§ **WHAT TO DO**: Print every line below exactly as written, but leave the pictures behind.

§ **SUPPLIED DATA**:
*****

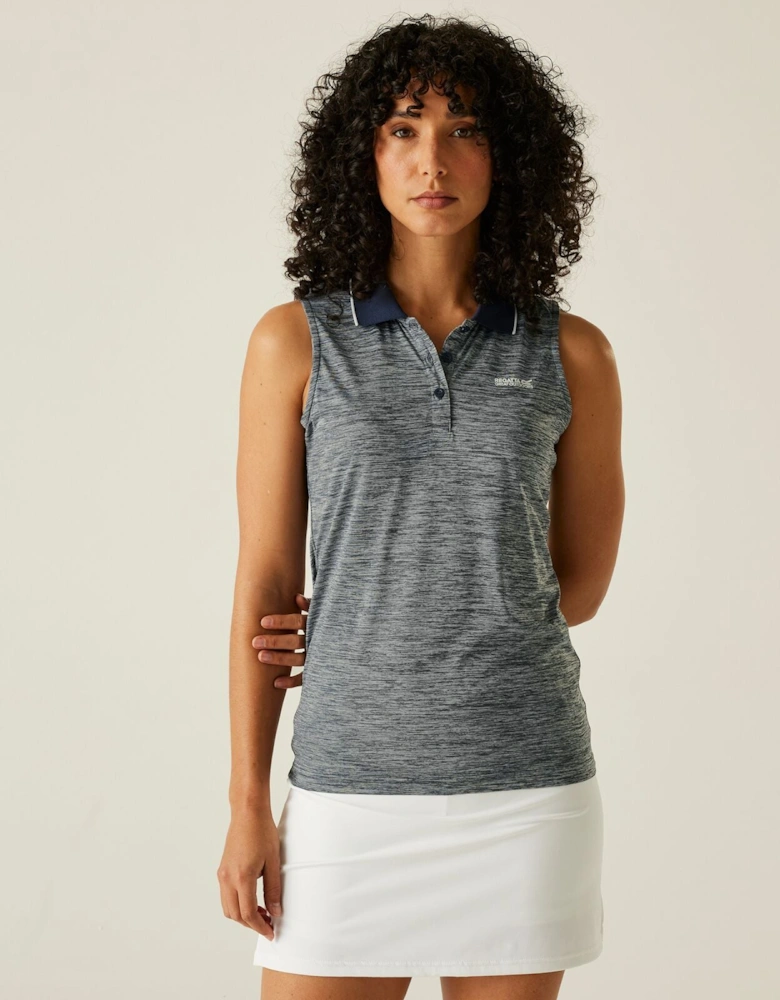 Womens Tima II Polo Vest
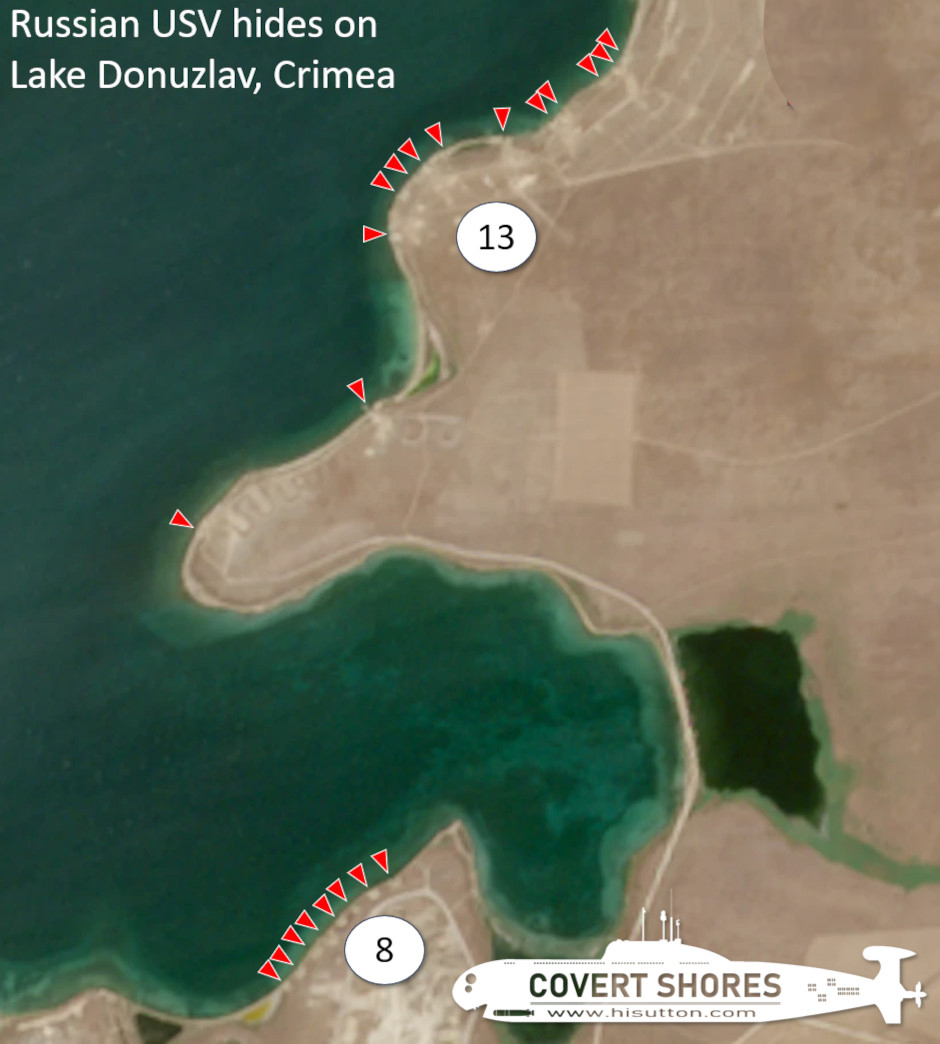 рф будує перший морський дроно-порт у Криму: що відомо та як захиститися
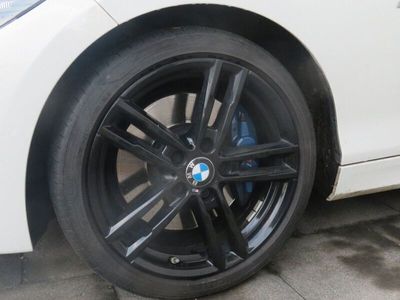 gebraucht BMW 120 i M Sport komplett, Navi, Leder, Heckantrieb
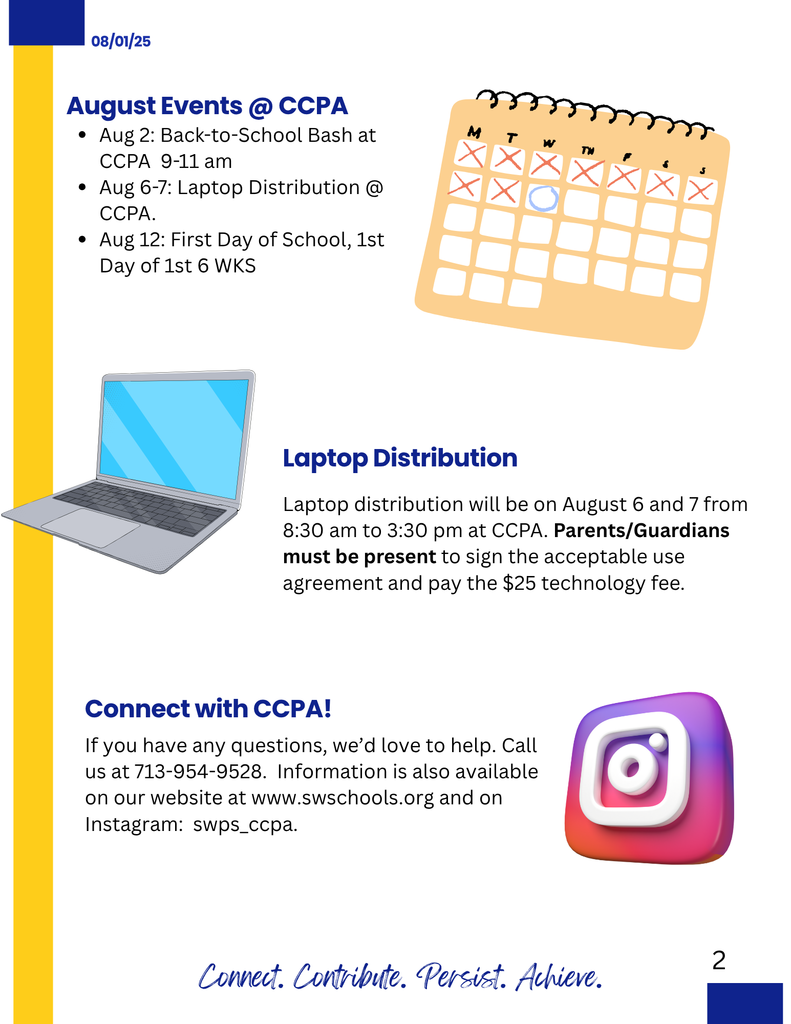 newsletter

*****

§ **THE COMPLETED TASK**:
 Womens Tima II Polo Vest
 рф будує перший морський дроно-порт у Криму: що відомо та як захиститися
 gebraucht BMW 120 i M Sport komplett, Navi, Leder, Heckantrieb
 newsletter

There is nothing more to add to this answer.